A lot has happened since the last blog post, I'm busy and struggling to sit in front of the screen long enough to finish off the half written post about the Malvern Mad Hatter.
That's a shame because the ride was fantastic and went utterly to plan. As a natural self critic I am perpetually disappointed in my own performance, able to find the smallest issue and honing in on it until all other good stuff is lost.
Not so this time, the 104 miles of the Malvern Mad Hatter passed under my wheels in 5hrs 49 minutes and I finished feeling bloody great. The last 10 miles were a bit of a slog as my nutrition plan of stopping only once and being self sufficient for the remainder
of the ride saw me moving on when the group I had happily stuck with for 40 miles pulled in to take advantage of the generous feed stations, that coupled with a few stinging climbs and a bastard headwind meant I was in a head down get there mindset for the first time all day.

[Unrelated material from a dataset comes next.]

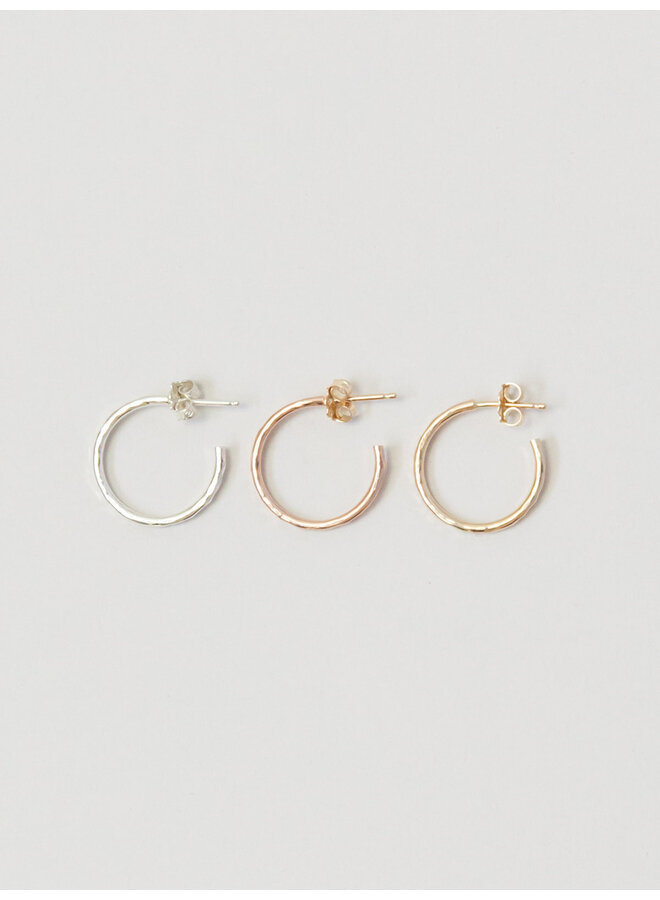 .5  Hoops w/posts - Silver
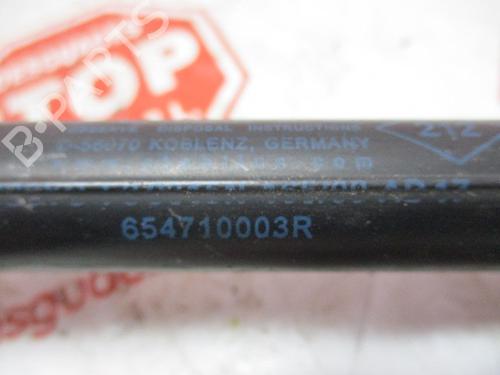 Hood lift support RENAULT MEGANE III Hatchback (BZ0/1_, B3_) 1.5 dCi | BP15922353C139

My stretched goal of achieving a gold medal worthy time of 6hrs 30 minutes was obliterated as I rolled over the line 40 minutes ahead of it and I didn't suffer the normal issues I get from long rides thanks to a little care and the excellent products on offer from High5.
I've enjoyed the increased fitness I've gained over the course of the summer and my regular Wednesday night rides in the exceptionally hilly Symonds Yat area were all achieved on a singlespeed, not only that, I was storming away from my mates in the process up the
steepest of hills.
My last post of exile appears to have been written just before an important tipping point. On the last of my wednesday night mountain bike rides before I set out to attempt the Malvern Mad Hatter I found myself at the top of what I considered to be a nasty little drop in on a downhill trail, I reasoned that after investing heavily in both a new bike and higher levels of fitness, smashing myself up to
simply prove a point (to whom I wasn't sure) only three days before my first imperial century was a little foolish to say the least. The result of this was that I just wheeled down the chicken run and watched whilst my riding buddies ummed and ahhed for a while.
That's been an epiphany for me, rather than battering myself mentally I accepted I didn't want to do it, my mates didn't immediately dis-own me, the world didn't implode and I wasn't denounced as a coward when we walked into the pub a few hours later. Since then, my off road riding has seemingly come on, my jumping is better, my descending better and I just have my mojo back. The crisis of confidence has left these shores, at least for the time being.